Laurence Hutchman

Playing Hockey on Crang’s Pond

We dreamed of playing at the

Maple Leaf Gardens,

waited for Hockey Night in

Canada following

The Plouffe Family and

Don Messer’s Jubilee,

waited for the Ford to drive

into the gas station

to the chorus of the Esso anthem:

What a great, great feeling,

what a wonderful sense

of pure enjoyment and

of confidence...

Sometime at the end of the fifties

the place to play hockey was

at Crang’s Pond.

We played with the Wolf brothers,

Upton and Ritch

tightening skates on the

frozen banks

striding onto the ice, clearing

the rink

and choosing sides.

Each game was different:

the swerves, the dekes,

glides, passing

and shooting

—to break through the defense

the breakaway...bearing down

on the goalie

(the way I saw Beliveau or

Mahovlich move)

aiming for a corner by the

boot post

into the snow net.

After the breathy exhaustion of the

sudden death goal

we left our indecipherable

signatures on the dark ice.

We always tried to prolong the

hockey season

despite the water lapping the reedy

pond’s edge.

It was so warm I took off my coat

and gloves

and the ice split not far from us,

getting softer, turning a little gold.

Taking off our coats and gloves

we played the game into the warm

afternoon until

the whole damned pond sagged and

cracked beneath us.

Laurence Hutchman grew up in Emery and attended Gulfstream Public School and Emery Collegiate Institute.
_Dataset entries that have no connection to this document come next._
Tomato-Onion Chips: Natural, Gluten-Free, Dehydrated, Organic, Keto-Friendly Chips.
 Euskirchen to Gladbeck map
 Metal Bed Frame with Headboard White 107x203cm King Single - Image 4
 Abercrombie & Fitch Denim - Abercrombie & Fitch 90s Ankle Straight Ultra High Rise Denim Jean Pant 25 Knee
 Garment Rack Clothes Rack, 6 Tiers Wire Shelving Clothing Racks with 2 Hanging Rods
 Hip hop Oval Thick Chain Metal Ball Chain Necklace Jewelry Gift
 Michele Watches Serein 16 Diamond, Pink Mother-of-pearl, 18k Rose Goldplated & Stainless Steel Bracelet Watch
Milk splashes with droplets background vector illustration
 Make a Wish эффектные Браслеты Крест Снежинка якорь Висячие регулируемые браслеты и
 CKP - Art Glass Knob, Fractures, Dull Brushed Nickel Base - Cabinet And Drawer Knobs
He received his PhD at the Université de Montreal in 1988. He has taught at a number of universities including Concordia University, the University of Alberta, The University of Western Ontario, and The Université de Moncton where he was a professor for 23 years.

Hutchman has published eight books of poetry, co-edited Coastlines: The Poetry of Atlantic Canada, and edited a book of interviews In the Writers’ Words: Conversations with Eight Canadian Poets.

He has received numerous grants and won awards including the WFNB’s prize for individual poems and in 2007 he received the Alden Nowlan Award for Excellence.

He has served as Quebec Representative and New Brunswick/ PEI for the League of Canadian Poets and as President of the Writers' Federation of New Brunswick. Hutchman has had many readings and conducted numerous workshops in Canada, the United States, China, Ireland and Bulgaria. He lives with his partner, the painter Eva Kolacz in Oakville.